A glimpse of the design of Starlark

This blog post describes the design of Starlark, the language used to specify builds in Bazel. Cross-posted on Bazel blog.

This blog post describes the design of Starlark, the language used to specify builds in Bazel. Cross-posted on Bazel blog.

A brief history

Many years ago, code at Google was built using Makefiles. As other people noticed, Makefiles don't scale well with a large code base. A temporary solution was to generate Makefiles using Python scripts, where the description of the build was stored in BUILD files containing calls to the Python functions. But this solution was way too slow, and the bottleneck was Make.

The project Blaze (later open-sourced as Bazel) was started in 2006. It used a simple parser to read the BUILD files (supporting only function calls, list comprehensions and variable assignments). When Blaze could not directly parse a BUILD file, it used a preprocessing step that ran the Python interpreter on the user BUILD file to generate a simplified BUILD file. The output was used by Blaze.

This approach was simple and allowed developers to create their own macros. But again, this led to lots of problems in terms of maintenance, performance, and safety. It also made any kind of tooling more complicated, as Blaze was not able to parse the BUILD files itself.

In the current iteration of Bazel, we've made the system saner by removing the Python preprocessing step. We kept the Python syntax, though, in order to migrate our codebase. This seems to be a good idea anyway: Many people like the syntax of our BUILD files and other build tools (e.g. Buck, Pants, and Please) have adopted it.

Design requirements

We decided to separate description of the build from the extensions (macros and rules). The description of the build resides in BUILD files and the extensions reside in .bzl files, although they are all evaluated with the same interpreter. We want the code to be easy to read and maintain. We designed Bazel to be used by thousands of engineers. Most of them are not familiar with build systems internals and most of them don't want to spend time learning a new language. BUILD files need to be simple and declarative, so that we can build tools to manipulate them.
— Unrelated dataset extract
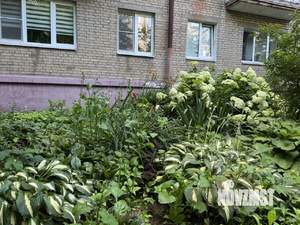2-к квартира, вторичка, 42м2, 1/5 этаж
The language also needed to:

  • Run on the JVM. Bazel is written in Java. The data structures should be shared between Bazel and the language (due to memory requirements in large builds).
  • Use a Python syntax, to preserve our codebase.
  • Be deterministic and hermetic. We have to guarantee that the execution of the code will always yield the same results. For example, we forbid access to I/O and date and time, and ensure deterministic iteration order of dictionaries.
  • Be thread-safe. We need to evaluate a lot of BUILD files in parallel. Execution of the code needs to be thread-safe in order to guarantee determinism.

Finally, we have performance concerns. A typical BUILD file is simple and can be executed quickly. In most cases, evaluating the code directly is faster than compiling it first.

Parallelism and imports

One special feature of Starlark is how it handles parallelism. In Bazel, a large build require the evaluation of hundreds of BUILD files, so we have to load them in parallel. Each BUILD file may use any number of extensions, and those extensions might need other files as well. This means that we end up with a graph of dependencies.

Bazel first evaluates the leaves of this graph (i.e. the files that have no dependencies) in parallel. It will load the other files as soon as their dependencies have been loaded, which means the evaluation of BUILD and .bzl files is interleaved. This also means that the order of the load statements doesn't matter at all.

Each file is loaded at most once. Once it has been evaluated, its definitions (the global variables and functions) are cached. Any other file can access the symbols through the cache.

Since multiple threads can access a variable at the same time, we need a restriction on side-effects to guarantee thread-safety. The solution is simple: when we cache the definitions of a file, we "freeze" them. We make them read-only, i.e. you can iterate on an array, but not modify its elements. You may create a copy and modify it, though.

In a future blog post, we'll take a look at the other features of the language.